◆ **WHAT IS NEEDED**
Output the line that contains "Gary Hawkins Photography" and every line after it to the end of the entries, with nothing added or left out.

◆ **GIVEN DATA**
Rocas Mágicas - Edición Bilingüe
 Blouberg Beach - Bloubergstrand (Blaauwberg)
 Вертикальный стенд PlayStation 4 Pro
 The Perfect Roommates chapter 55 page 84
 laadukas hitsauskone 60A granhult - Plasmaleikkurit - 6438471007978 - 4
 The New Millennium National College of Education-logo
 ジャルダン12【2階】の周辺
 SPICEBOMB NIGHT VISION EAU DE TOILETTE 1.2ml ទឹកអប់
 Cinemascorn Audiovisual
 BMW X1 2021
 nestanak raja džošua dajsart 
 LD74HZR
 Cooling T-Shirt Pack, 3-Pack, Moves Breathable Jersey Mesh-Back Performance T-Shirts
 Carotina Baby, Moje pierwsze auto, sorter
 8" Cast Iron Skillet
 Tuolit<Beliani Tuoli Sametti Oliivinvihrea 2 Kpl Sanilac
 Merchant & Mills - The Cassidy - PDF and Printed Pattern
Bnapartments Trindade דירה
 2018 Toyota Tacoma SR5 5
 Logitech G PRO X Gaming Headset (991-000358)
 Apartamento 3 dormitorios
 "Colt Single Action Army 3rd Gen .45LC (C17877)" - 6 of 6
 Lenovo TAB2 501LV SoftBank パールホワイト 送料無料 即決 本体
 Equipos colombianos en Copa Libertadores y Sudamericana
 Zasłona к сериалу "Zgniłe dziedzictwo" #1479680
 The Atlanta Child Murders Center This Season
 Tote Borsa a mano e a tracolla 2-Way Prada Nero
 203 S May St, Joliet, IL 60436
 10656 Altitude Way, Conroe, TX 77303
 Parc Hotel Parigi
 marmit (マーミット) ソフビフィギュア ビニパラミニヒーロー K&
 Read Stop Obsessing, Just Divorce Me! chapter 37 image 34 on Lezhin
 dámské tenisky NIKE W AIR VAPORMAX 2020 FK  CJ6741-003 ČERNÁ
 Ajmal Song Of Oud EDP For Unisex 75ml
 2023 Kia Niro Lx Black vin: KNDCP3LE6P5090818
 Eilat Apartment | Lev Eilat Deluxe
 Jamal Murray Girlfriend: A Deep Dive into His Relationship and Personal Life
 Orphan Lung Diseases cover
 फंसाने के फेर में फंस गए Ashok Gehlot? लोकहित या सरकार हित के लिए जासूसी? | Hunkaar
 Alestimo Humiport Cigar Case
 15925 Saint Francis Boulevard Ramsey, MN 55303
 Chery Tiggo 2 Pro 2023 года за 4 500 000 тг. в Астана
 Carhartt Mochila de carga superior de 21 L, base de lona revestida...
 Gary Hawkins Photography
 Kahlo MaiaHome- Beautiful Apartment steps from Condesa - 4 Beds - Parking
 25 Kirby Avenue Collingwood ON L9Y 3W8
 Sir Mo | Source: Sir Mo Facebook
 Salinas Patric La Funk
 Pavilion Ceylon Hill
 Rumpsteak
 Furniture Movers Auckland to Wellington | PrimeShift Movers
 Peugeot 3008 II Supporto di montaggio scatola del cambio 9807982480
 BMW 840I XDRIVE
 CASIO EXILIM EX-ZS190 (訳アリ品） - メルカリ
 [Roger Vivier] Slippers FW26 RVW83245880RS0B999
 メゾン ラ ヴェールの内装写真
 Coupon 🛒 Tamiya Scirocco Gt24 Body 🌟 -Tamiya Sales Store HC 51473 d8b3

◆ **SOLUTION FOR THIS PROBLEM**
 Gary Hawkins Photography
 Kahlo MaiaHome- Beautiful Apartment steps from Condesa - 4 Beds - Parking
 25 Kirby Avenue Collingwood ON L9Y 3W8
 Sir Mo | Source: Sir Mo Facebook
 Salinas Patric La Funk
 Pavilion Ceylon Hill
 Rumpsteak
 Furniture Movers Auckland to Wellington | PrimeShift Movers
 Peugeot 3008 II Supporto di montaggio scatola del cambio 9807982480
 BMW 840I XDRIVE
 CASIO EXILIM EX-ZS190 (訳アリ品） - メルカリ
 [Roger Vivier] Slippers FW26 RVW83245880RS0B999
 メゾン ラ ヴェールの内装写真
 Coupon 🛒 Tamiya Scirocco Gt24 Body 🌟 -Tamiya Sales Store HC 51473 d8b3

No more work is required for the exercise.